Secret only to those who’ve dined in it, the Witchery’s second dining room is, in fact, a former school yard. A flagstone floor and other original architectural details remain, including an open topiary-dressed terrace, with views to the Heriot school, the inspiration for Hogwart’s. Of all the restaurants in the city, The Witchery’s reputation precedes itself, and not just for its setting (or its prestigious guest list); an exquisite menu, exuding the provenance of its ingredients, is as inventive as its execution, and alongside a cured duck and watermelon salad, and a pumpkin and blue cheese risotto, the stand-out has to be the personal touch from the sommelier, adding a real sense of context to its countless awards for wine.

Breakfast in the original dining room is another surprise. Little changed since it opened on Halloween in 1978, it’s a suitably spooky, dark and dimly-lit enclave, encased in ornate wood panelling and cracking leather wall coverings. Save a few shafts of light from the pavement-level windows, I’m eating by candlelight in a small booth, and it’s unlike anywhere else you might crack open a croissant.
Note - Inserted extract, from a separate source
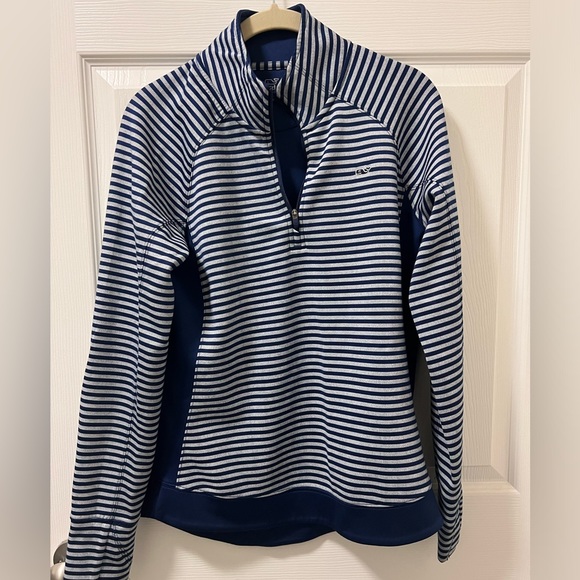 Vineyard Vines Brandywine Stripe 1/4-Zip Pullover Navy Gray size S - Picture 1 of 5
Padding the city’s cobbled streets, past gift shops and themed promotions, you’d be forgiven that this is all a bit Harry Potter, but The Witchery was opened 20 years before the first book was published, so, amid those crowds of Potter pilgrims, you might argue that Harry Potter is all a bit Witchery. One thing’s for certain, it’s a Halloween to reclaim, for grown-ups. A classy, tasteful Halloween. Most distinctly a treat, and with a few special tricks besides.